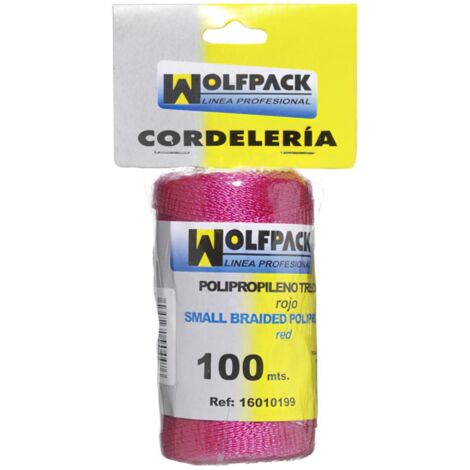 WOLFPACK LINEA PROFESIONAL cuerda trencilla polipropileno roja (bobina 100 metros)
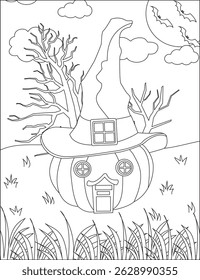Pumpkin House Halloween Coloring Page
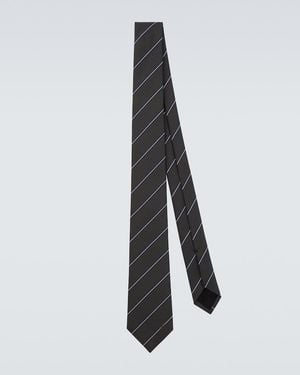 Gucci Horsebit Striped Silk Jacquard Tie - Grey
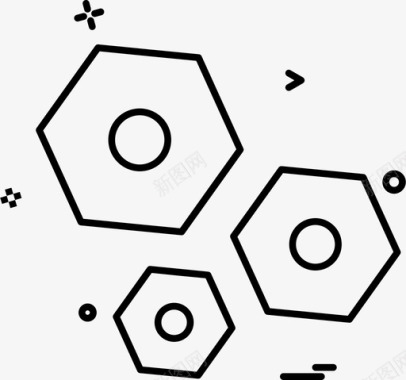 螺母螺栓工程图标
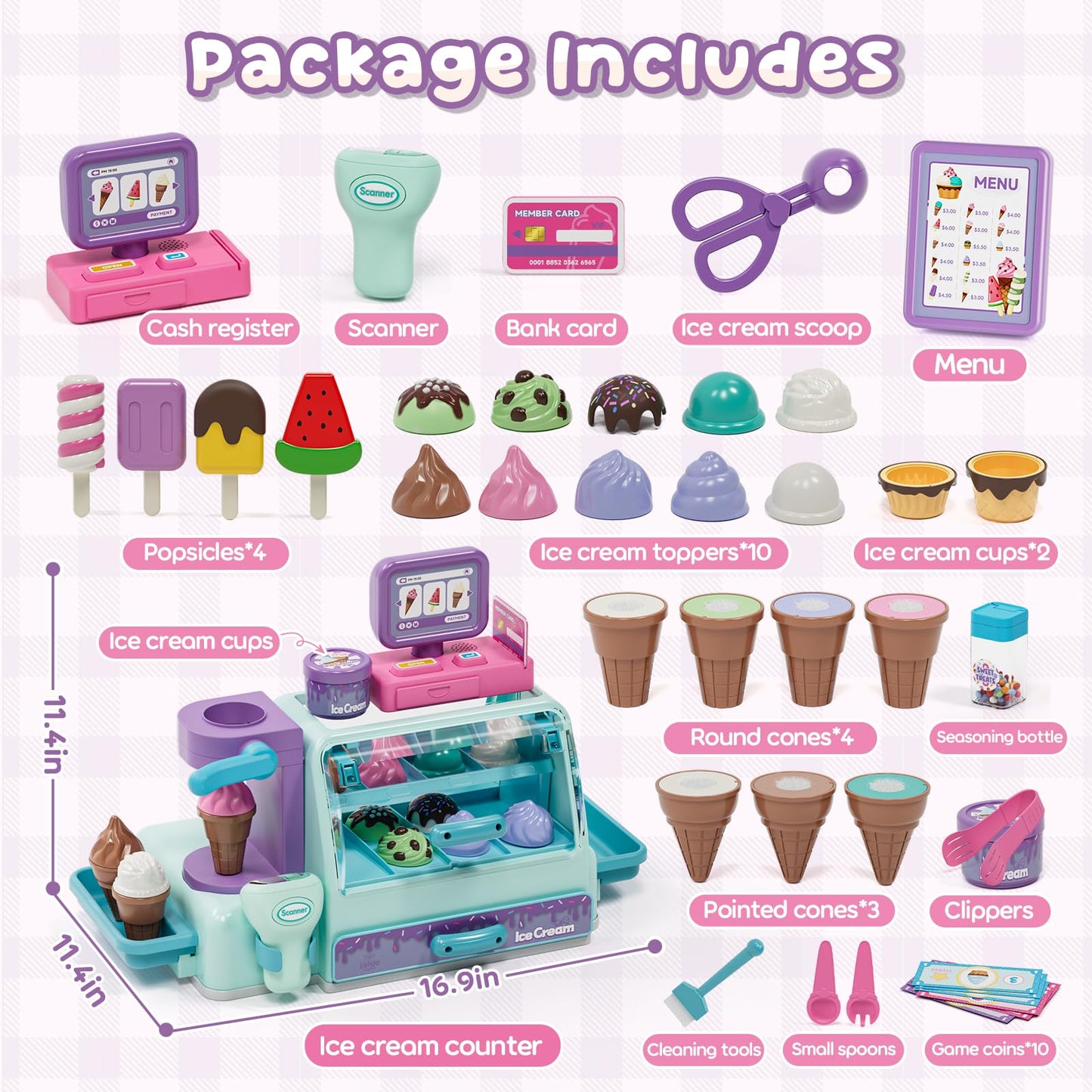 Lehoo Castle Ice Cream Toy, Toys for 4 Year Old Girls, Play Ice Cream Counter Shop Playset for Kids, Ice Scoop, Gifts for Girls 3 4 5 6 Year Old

------------------------------

* **What this task involves**: Please keep the pictures out and reproduce the records above exactly.

* **Output for this exercise**:
 WOLFPACK LINEA PROFESIONAL cuerda trencilla polipropileno roja (bobina 100 metros)
Pumpkin House Halloween Coloring Page
 Gucci Horsebit Striped Silk Jacquard Tie - Grey
 螺母螺栓工程图标
 Lehoo Castle Ice Cream Toy, Toys for 4 Year Old Girls, Play Ice Cream Counter Shop Playset for Kids, Ice Scoop, Gifts for Girls 3 4 5 6 Year Old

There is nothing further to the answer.